# HERTZ MILLE MLK 165 COMPONENT 6.5 SPEAKER



## angelok9 (Mar 31, 2011)

Seens to be a good deal - price and free shipping
FREE SHIP NEW HERTZ MILLE MLK 165 COMPONENT 6.5 SPEAKER | eBay


----------



## chithead (Mar 19, 2008)

Is this legit?


----------



## angelok9 (Mar 31, 2011)

It seems to be. I dont know i was checking some feedback from other buyers.


----------



## angelok9 (Mar 31, 2011)

I tried to ask a few people that already bought from the seller this component. Anyways I already bought one so I have to wait and see. But i think its gonna take awhile to get to me.


----------



## trabadoor22 (Jul 11, 2009)

You have to be careful not to get counterfeit products especially from overseas. I personally wouldn't take the chance.


----------



## trojan fan (Nov 4, 2007)

angelok9 said:


> Seens to be a good deal - price and free shipping
> FREE SHIP NEW HERTZ MILLE MLK 165 COMPONENT 6.5 SPEAKER | eBay




Stay away, smells like fraud


----------



## omar_uh (Mar 29, 2009)

Better to avoid such ebay prices. They might not be counterfeit, but they might be Stock B / failed at Quality Control. I know a seller from Malaysia selling them for 300$, personally trust him, he told me about the quality control issues.


----------



## Bboy74 (May 15, 2011)

angelok9 said:


> I tried to ask a few people that already bought from the seller this component. Anyways I already bought one so I have to wait and see. But i think its gonna take awhile to get to me.


Hey angelok9, how did the components turn out? Were they ok?

Very interested as I have just purchased from this buyer too, eagerly awaiting delivery!!

Thanks

B


----------



## angelok9 (Mar 31, 2011)

Bboy74 said:


> Hey angelok9, how did the components turn out? Were they ok?
> 
> Very interested as I have just purchased from this buyer too, eagerly awaiting delivery!!
> 
> ...



Hello Bboy74. I havent received yet man. Shipping to Brazil takes quite some time 

This is my tracking number: CP115014692MY

Anyways sir, I am pretty ansious and lets hope we have done a great deal. Let me know if yours arrive sooner than mine .
I think you might get it first, if you are in US. US post office is much better than here in my opinion.

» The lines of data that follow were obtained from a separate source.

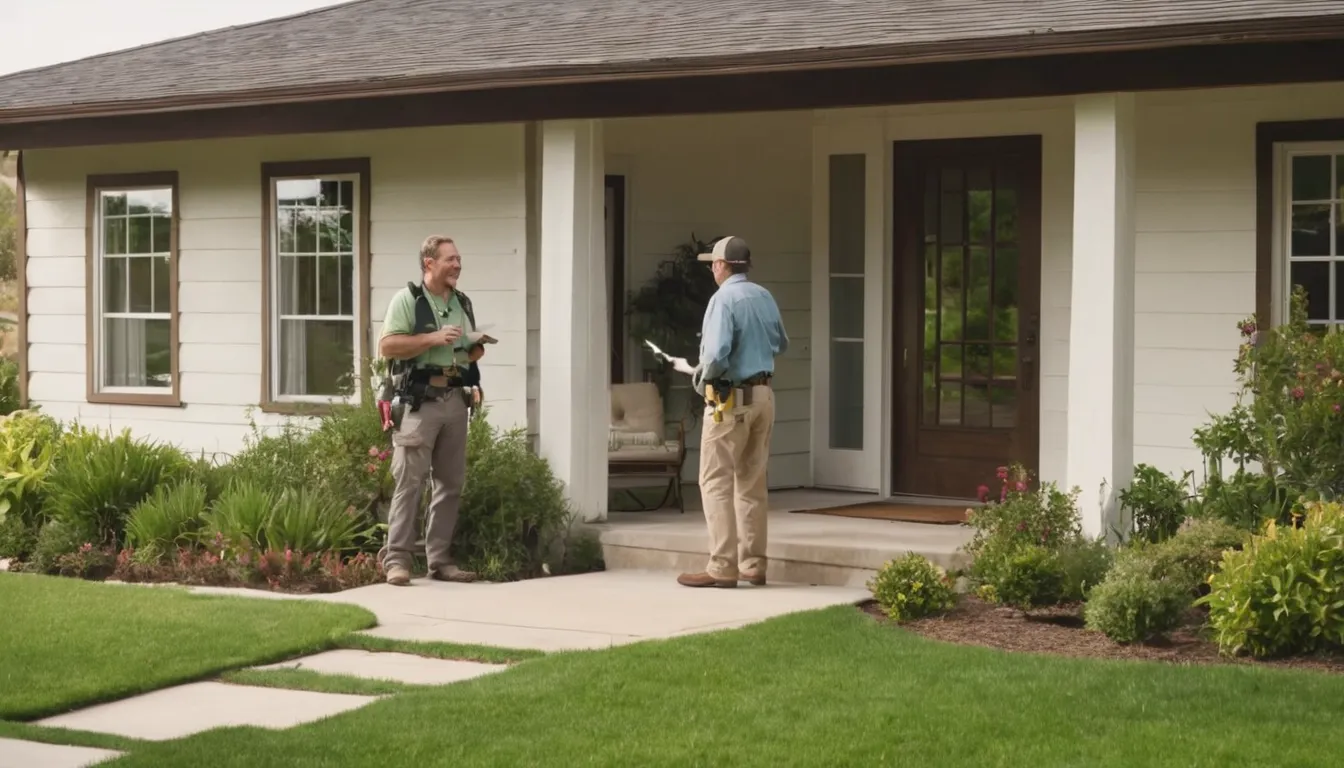 A friendly provider talking with a homeowner at the front door of a ranch home near De Soto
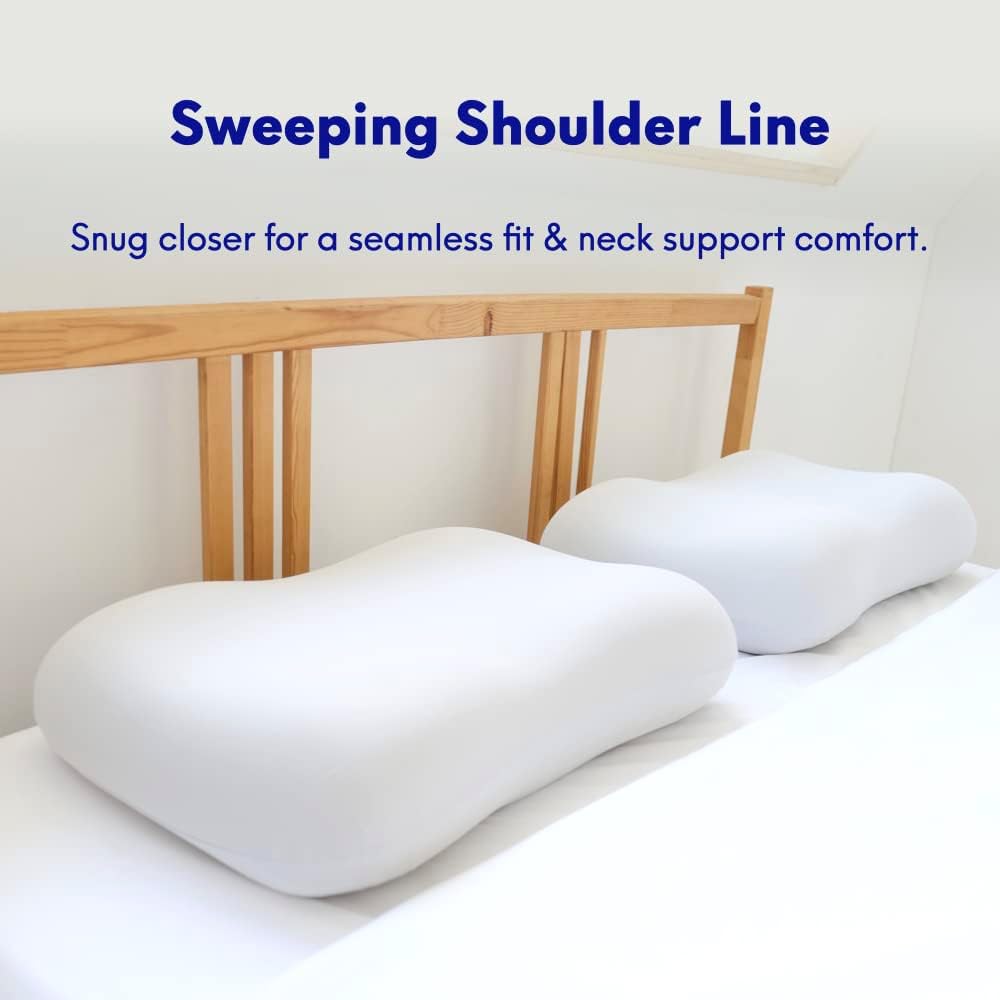 C Deep Sleep Pillow, Patented Ergonomic Contour Design for Side & Back Sleepers, Orthopedic Cervical Shape Gently Cradles Head & Provides Neck Support & Shoulder Pain Relief - Calm Grey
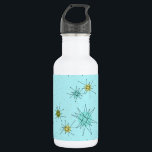 Robin's Egg Blue Atomic Sternexplosionen Wasserfla Edelstahlflasche<br><div class="desc">Dieses Robin’s Ei Blue Iconic Atomic Sternexplosionen Wasser Flasche Muster weist ikonische atomare Sternexplosionen auf. Das ist richtig! Die alte Schule, robinfarbener Hintergrund mit goldenen Falten ist der perfekte Hintergrund für die lebendigen, türkisfarbenen, beruhigenden Sellerie und die kitschigen Birnen-grünen Kreise. Die Farbflecken sind sporadisch in verschiedenen Größen platziert, mit überlegenen...</div>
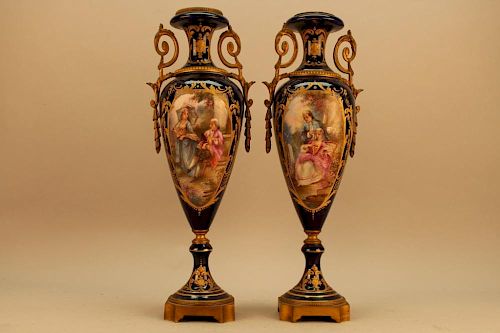 Antique Pair of Gilt French Sevres Porcelain Urns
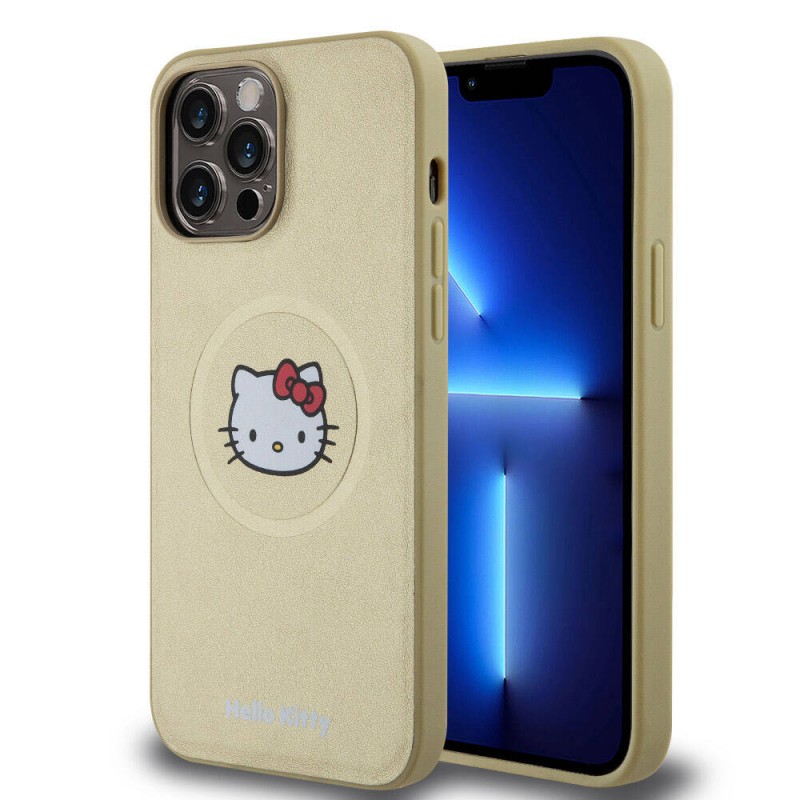 Apple iPhone 15 Pro Max Kılıf Hello Kitty Orjinal Lisanslı Magsafe Şarj Özellikli Kitty Head Deri Kapak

Anyways, Good luck. Besides your luck is mine as well! 

Have a great week.


----------



## Bboy74 (May 15, 2011)

Hello angelok9! I am in the UK, will let you know as soon as I get them! If there is any fishiness I will contact the supplier and the manufacturer to try and resolve this !

Good luck to you too my SQ brother!!

I do hope we did the right thing!!

B


----------



## angelok9 (Mar 31, 2011)

All right! Sorry about writing about the wrong place. I didnt see the place you were from. Anyways, All the time I ordered from UK i got a pretty fast service. So I am pretty sure its not hard to top Brazil on that =p. I am pretty sure you will get it first. Let me know once you get it sir! I am as worried as excited. I am pretty sure you are too. If you want i will send you throught PM my MSN messenger so we can keep in touch and comunicating about this!
Wish you the best sir!


----------



## Bboy74 (May 15, 2011)

Hi all,

I would not recommend looking into buying these speakers in such an offer, I unfortunately have purchase only to find them fake/used and not the real deal, please take my advice and stay away from these offers, use a main dealer or reputable seller.



B


----------



## martyanov (Jul 23, 2010)

Caution! Now a lot of Chinese fakes.


----------



## Noobdelux (Oct 20, 2011)

how did this work out?


----------



## Bboy74 (May 15, 2011)

Hi

Luckily I paid via PayPal and got my money back, PHEW!!

Beware of fakes!!


----------